I am just aware that from the net monitor in conky, there are always data downloaded to my laptop. Even though I did nothing after booting. I How could I know where it is from? Which application is downloading something?

ThanksLast edited by pd1986 on Wed May 30, 2012 5:07 pm; edited 1 time in total

----------

## pd1986

I tried nethogs, but I found nothing. no app, no debit

----------

## ghutzl

Have you tried iotop?

----------

## pd1986

 *ghutzl wrote:*   

> Have you tried iotop?

 

Just tried after you said, I kept looking at the terminal for 30s, nothing found. no disk read, no write no swapin. but there are still data downloading.

However the debit is not important, 10K/s or 5K/s or so. Is that normal?

----------

## pd1986

it is from 3 K/s to 5K/s rirght now

----------

## xaviermiller

Do you have any netwok session open ? (ssh, ...)

----------

## pd1986

 *XavierMiller wrote:*   

> Do you have any netwok session open ? (ssh, ...)

 

NOoo, I don't think I have. I don't need remote control, so I never touch ssh. But I'm not familiar with "network session", so I'm not sure if I have one. but ssh is off I can ensure that.

----------

## xaviermiller

How do you connect to that machine ? what applications run on it ?

----------

## pd1986

 *XavierMiller wrote:*   

> How do you connect to that machine ? what applications run on it ?

 

I'm sorry, what do you mean by "connect to that machine"? Which machine? Mine?
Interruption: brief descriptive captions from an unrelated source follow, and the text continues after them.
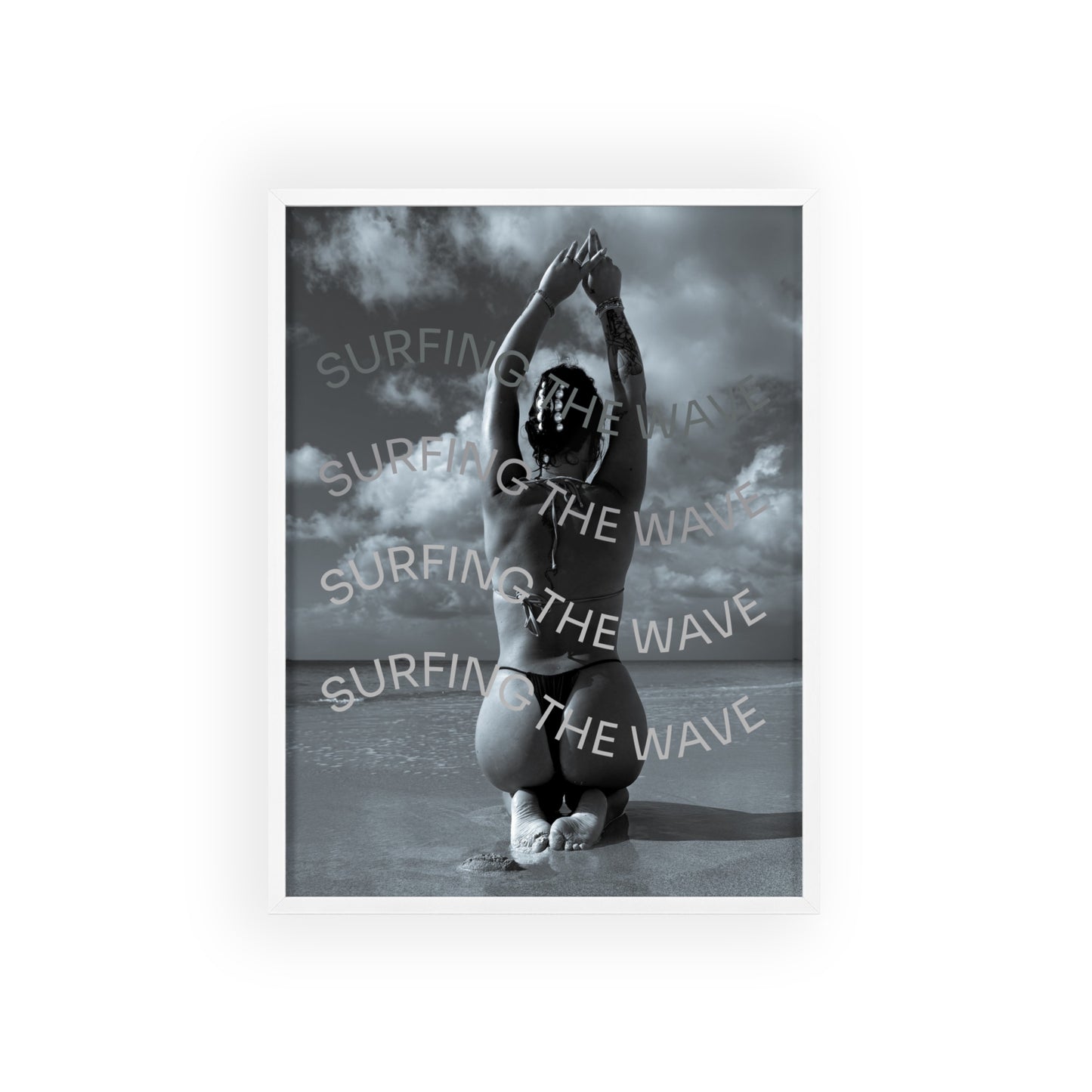 Beach Poster with Wooden Frame - Find me at the beach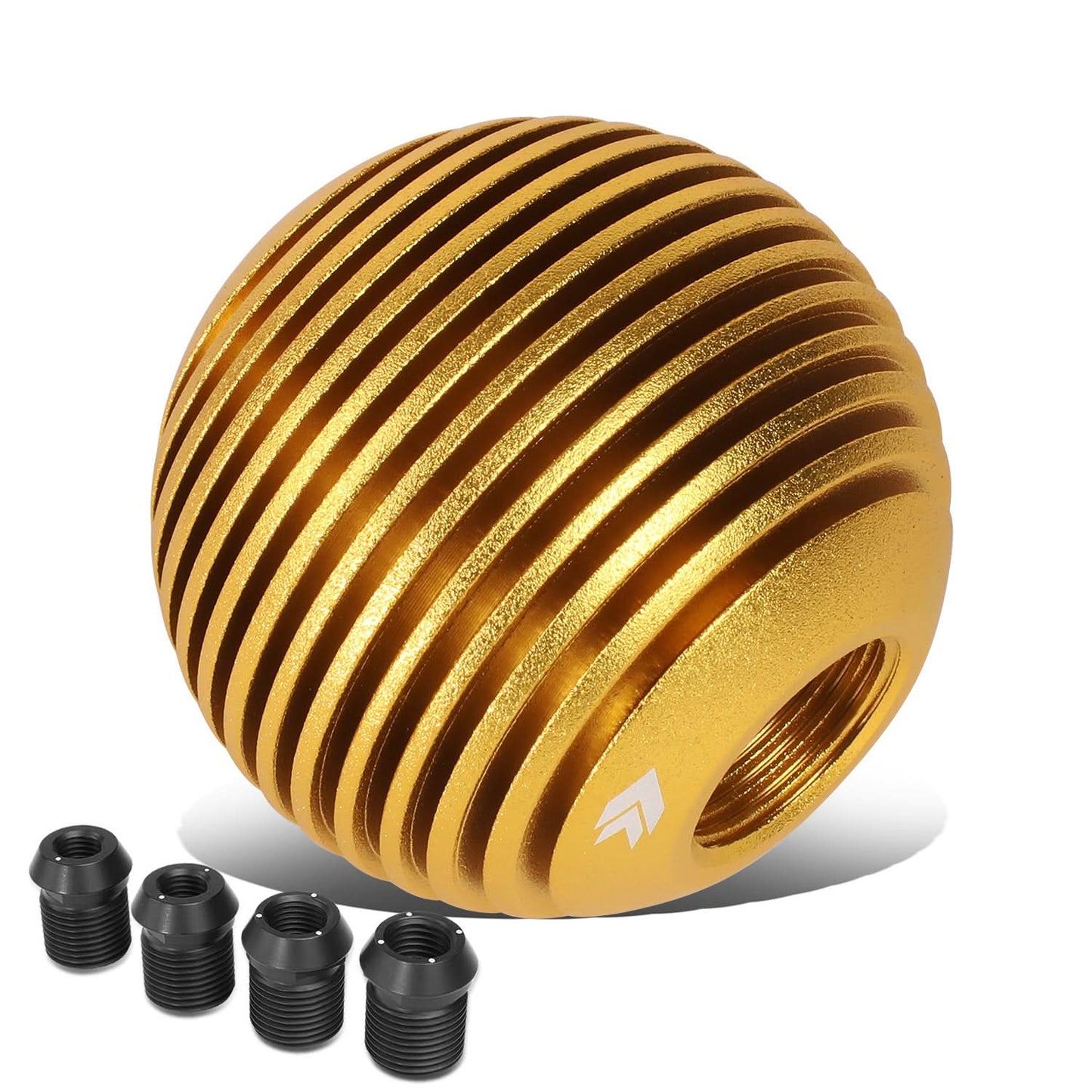 Heatsink Style Ball Shift Knob - 50MM - Gold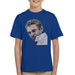 Sidney Maurer Original Portrait Of Steve McQueen Kids T-Shirt - Kids Boys T-Shirt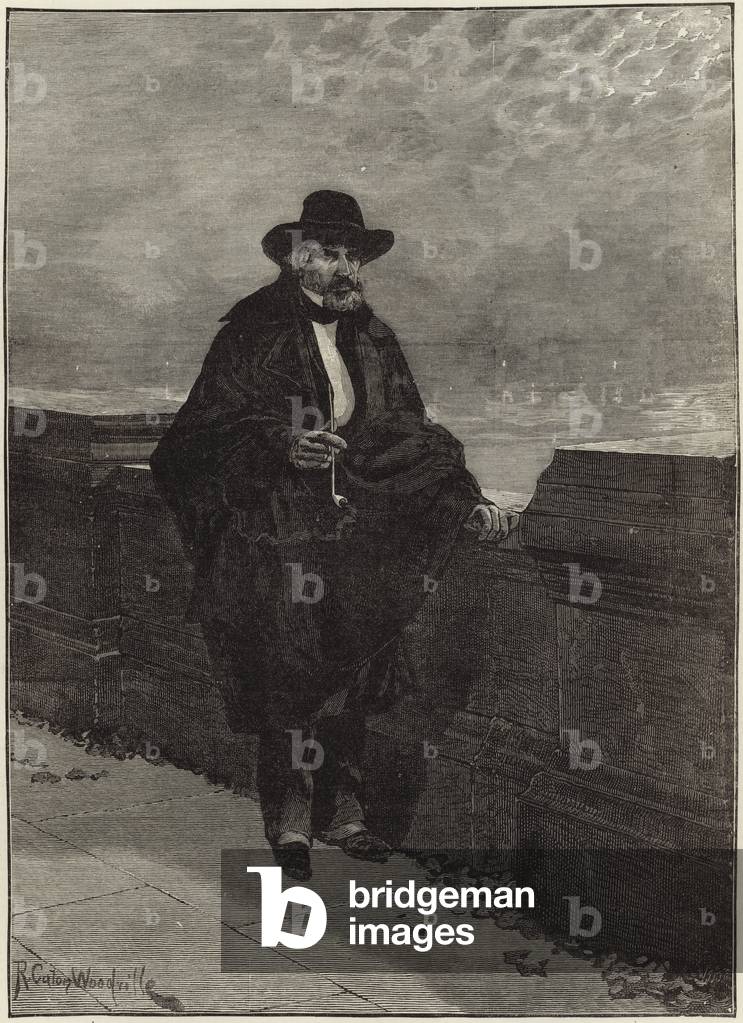 A moonlight night at Chelsea (engraving)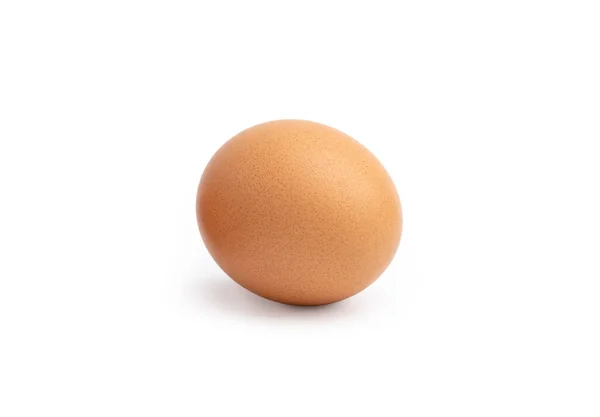 Яйцо Выделено Белом Фоне Вырезанием Путей — стоковое фото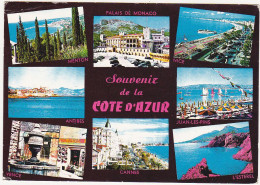 Souvenir De La COTE D'AZUR - 1968 / Multi-vues - Saluti Da.../ Gruss Aus...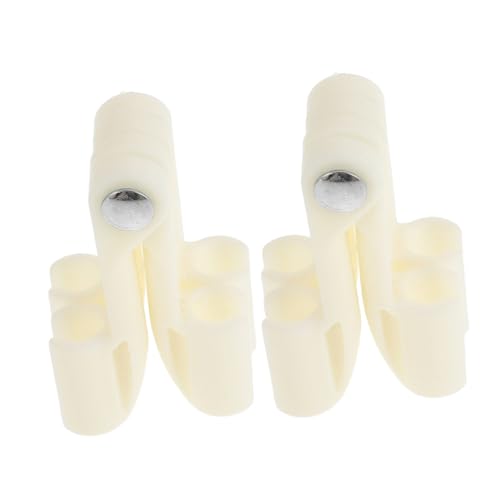 TOPBATHY 2 Stück Moskitonetzhalter Betthimmelnetz Clips Betthimmel Stabilisator Betthimmel Befestigung Stabilisator Netzhalterungen Betthimmelhalter Bettnetz Stabilisator von TOPBATHY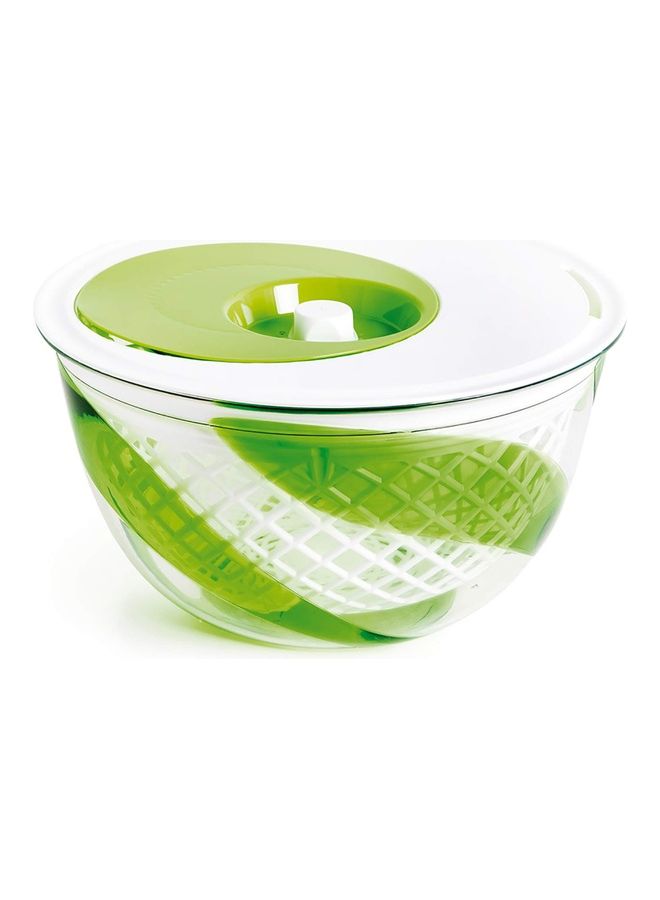 Snips Salad Spinner and Serve Display Green 39cm - Image 1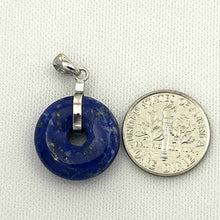 Load image into Gallery viewer, Genuine Lapis Lazuli Gemstone 925 Silver Handmade Pendant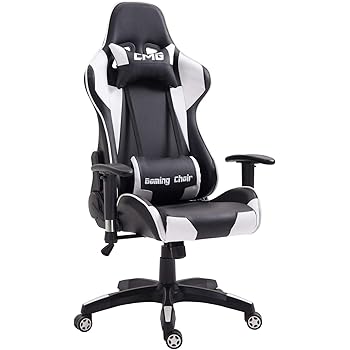 Idimex Chaise De Bureau Gaming Racer Chair Style Racing Gamer Fauteuil Ergonomique Pivotant Siege A Roulettes Avec Dossier Inclinable Et Coussins Revetement Synthetique Noir Et Blanc Amazon Fr Cuisine Maison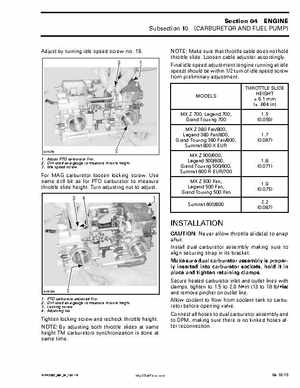 2002 Ski-Doo Shop Manual Volume Three, Page 186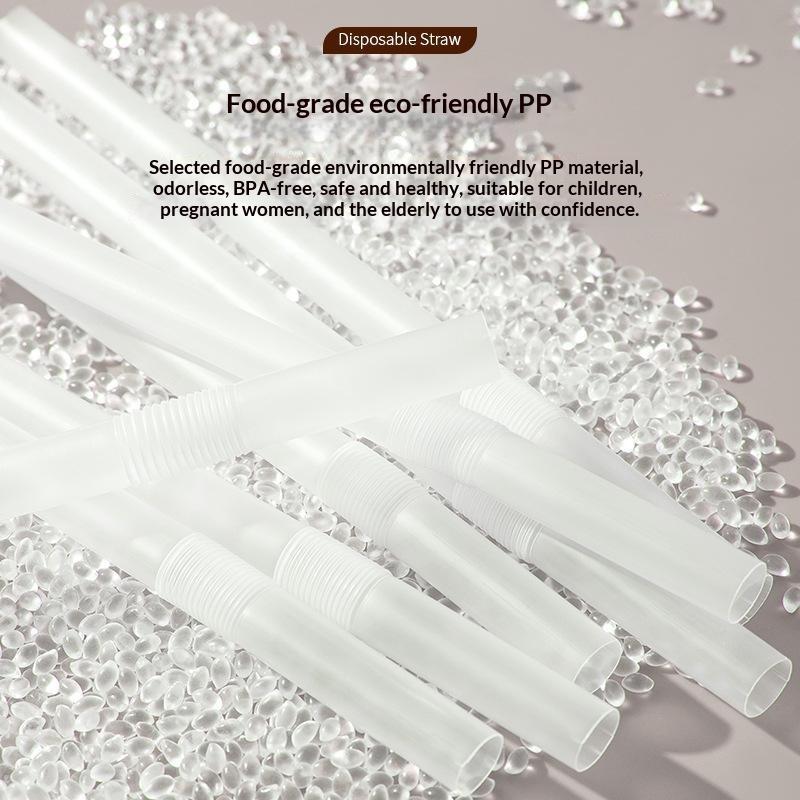 100/300Pcs Disposable Plastic Straws Milkshake Juice Tea Bend Tube Straw Party Christmas Day Use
In fact, that's my laptop, I install Gentoo several months ago. Now, I use grub to start the system and use Bash shell, That's all.

Then I log in with my user account, there is nothing weird. But after connecting to my wifi network in using wpa_supplicant, the debit starts. At that moment, I did nothing after booting and I haven't even connected to my desktop environment. I just ran one command to see if there are received data.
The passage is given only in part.